A Helsinki court ruled Sörkka Prison unlawfully dismissed a fitness instructor. The prison's allegations, from a pilates group to unauthorized visitors, largely crumbled under judicial scrutiny due to unclear internal rules.

  • - Location: Finland
  • - Category: Society
  • - Published: 3 minutes ago
Finland's Helsinki Prison Wrongly Fired Fitness Coach: Court

Illustration

Finland's Helsinki Administrative Court has ruled that Helsinki Prison, commonly known as Sörkka, unlawfully dismissed a long-serving fitness instructor. The prison lacked an exceptionally weighty reason for terminating the employee's contract, the court found.

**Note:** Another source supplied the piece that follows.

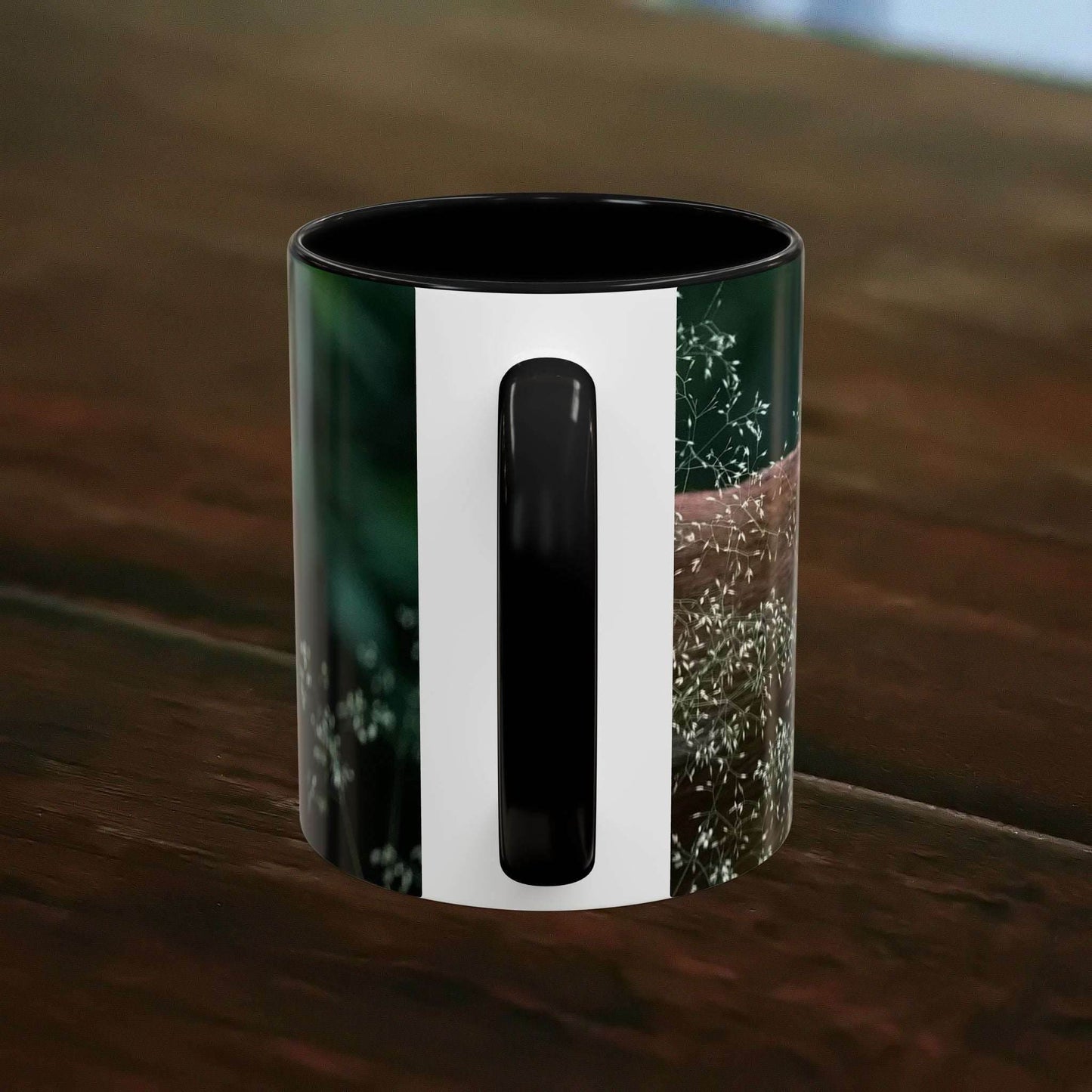 Nature-Inspired Deer Ceramic Mug - 11oz on a wooden table with floral accents.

The Prison's Case Unravels

The employer had accused the prison fitness instructor of breaching his official duties on multiple fronts. Allegations included bringing unauthorized items into the prison, establishing a pilates group, moving around prison workshops without permission, and allowing unauthorized outside individuals onto the prison grounds for the 'Sörkka's Strongest Man 2024' competition.

However, the Helsinki Administrative Court dismissed the majority of the prison's stated grounds for dismissal. A significant factor was that Sörkka Prison's own practices and rules were unclear at the time of the incidents in question.

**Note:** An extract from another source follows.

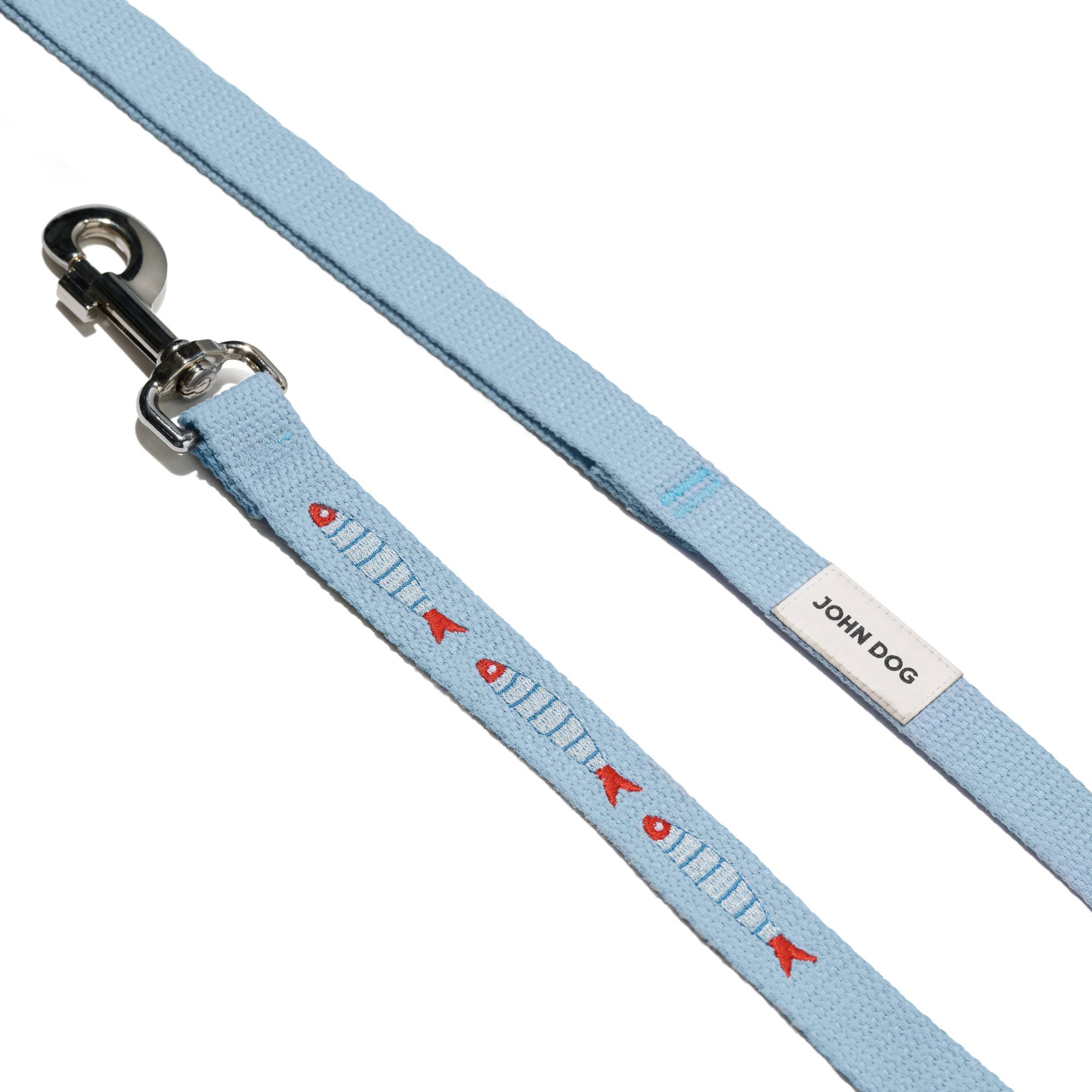 Zbliżenie na smycz prostą John Dog z kolekcji Lizbona w kolorze błękitnym z trzema haftami w kształcie rybek i beżowym logo. Smycz rozłożona na płasko.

Pilates Group for Cleaner Prisoners

Regarding the pilates group, the fitness instructor explained that it ended up including several representatives of organized crime simply because the group's session was held during the day. At that time, the only prisoners available to participate were so-called cleaner prisoners, who have work duties. The prison had claimed the body control group consisted entirely of organized crime representatives.

The initiative to establish the group had originally come from the central administration of the Criminal Sanctions Agency (Rise). The group managed to meet only about 50 times over one year before it was discontinued. Participant turnover was high.

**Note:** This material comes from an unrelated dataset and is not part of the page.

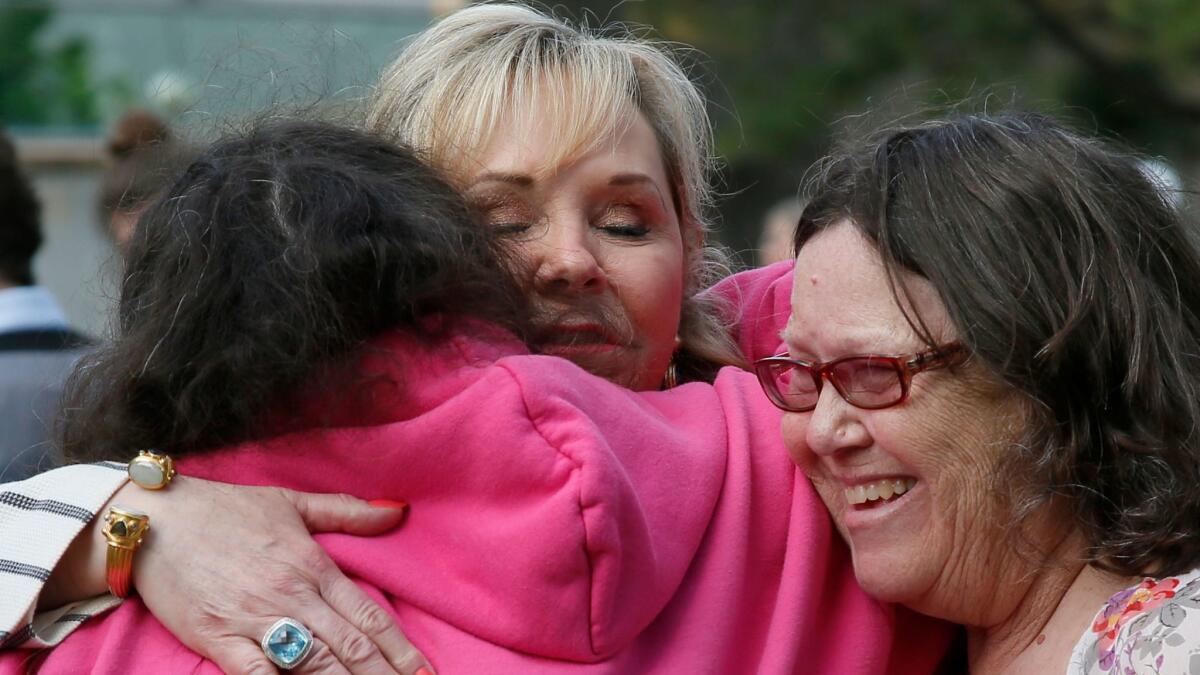 Oklahoma Gov. Mary Fallin, center, embraces Vickie Lykins, left, and Angela Richerson at a ceremony in Oklahoma City. Lykins and Richerson lost their mother, Norma Jean Johnson, in the federal building bombing.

The court did find that the fitness instructor should have understood the security risks associated with the group. He had failed to have the group's participants checked by the crime prevention team, acting contrary to relevant management and supervision regulations. However, the court stated that the errors related solely to the pilates group did not constitute an exceptionally weighty reason for dismissal on their own.

Uninvited Guests at a Strength Contest

During the 'Sörkka's Strongest Man' competition in 2024, outsiders were indeed allowed onto the prison grounds. The court, however, cleared the dismissed fitness instructor of responsibility for this breach.

Evidence presented in court revealed that the external party organizing the competition had brought its own assistants to help run the event. One of these assistants was a lawyer. The identities of the assistants only became clear just before the event, at which point the prison superintendent responsible for event security decided to let them in. The fitness instructor was not responsible for this decision.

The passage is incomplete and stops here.